** Task statement **
Write out the listing exactly, dropping any picture it contains.

** Data segment **
━━━━━━━━━━━━━━━━

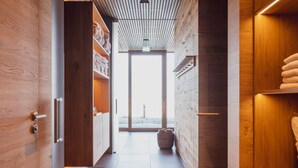 A hallway with wooden walls and a tiled floor, leading to a large glass door that opens to a balcony. - Hotel Munde (Hofstetten)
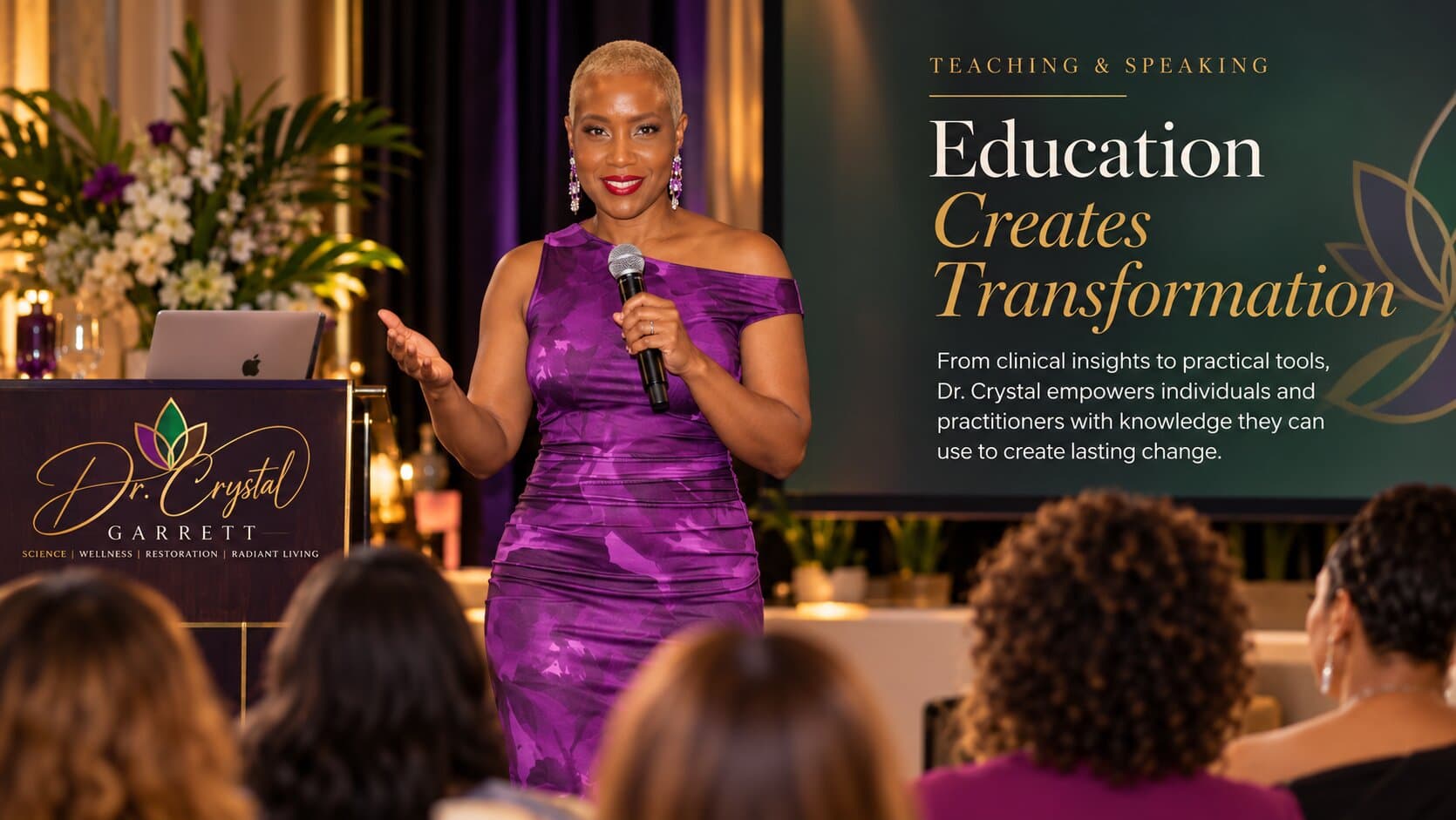 Dr. Crystal Garrett speaking to an audience from a stage, beside a screen reading Education Creates Transformation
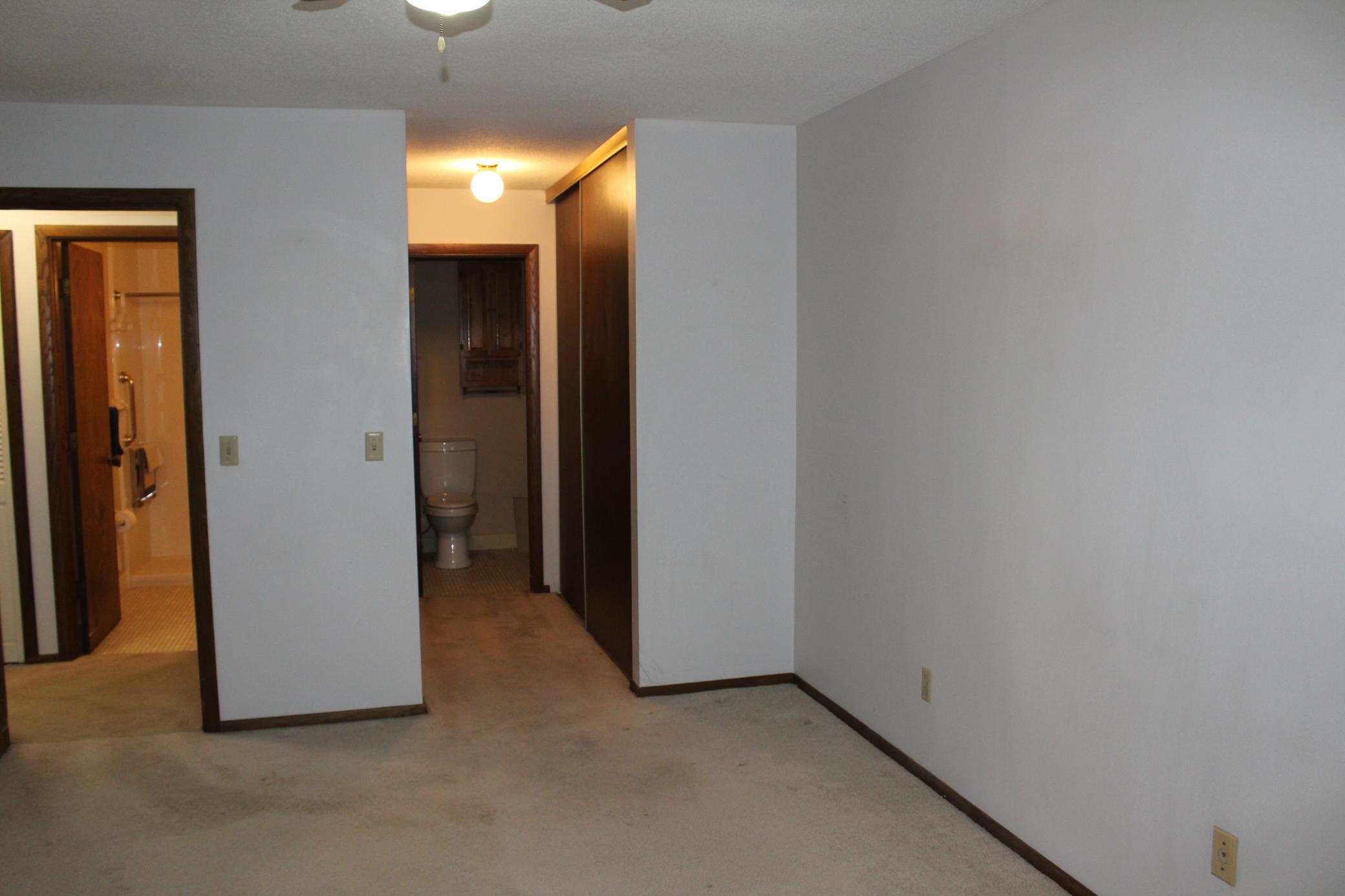 Hallway to Primary and full bath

━━━━━━━━━━━━━━━━

** Exercise response **
 A hallway with wooden walls and a tiled floor, leading to a large glass door that opens to a balcony. - Hotel Munde (Hofstetten)
 Dr. Crystal Garrett speaking to an audience from a stage, beside a screen reading Education Creates Transformation
 Hallway to Primary and full bath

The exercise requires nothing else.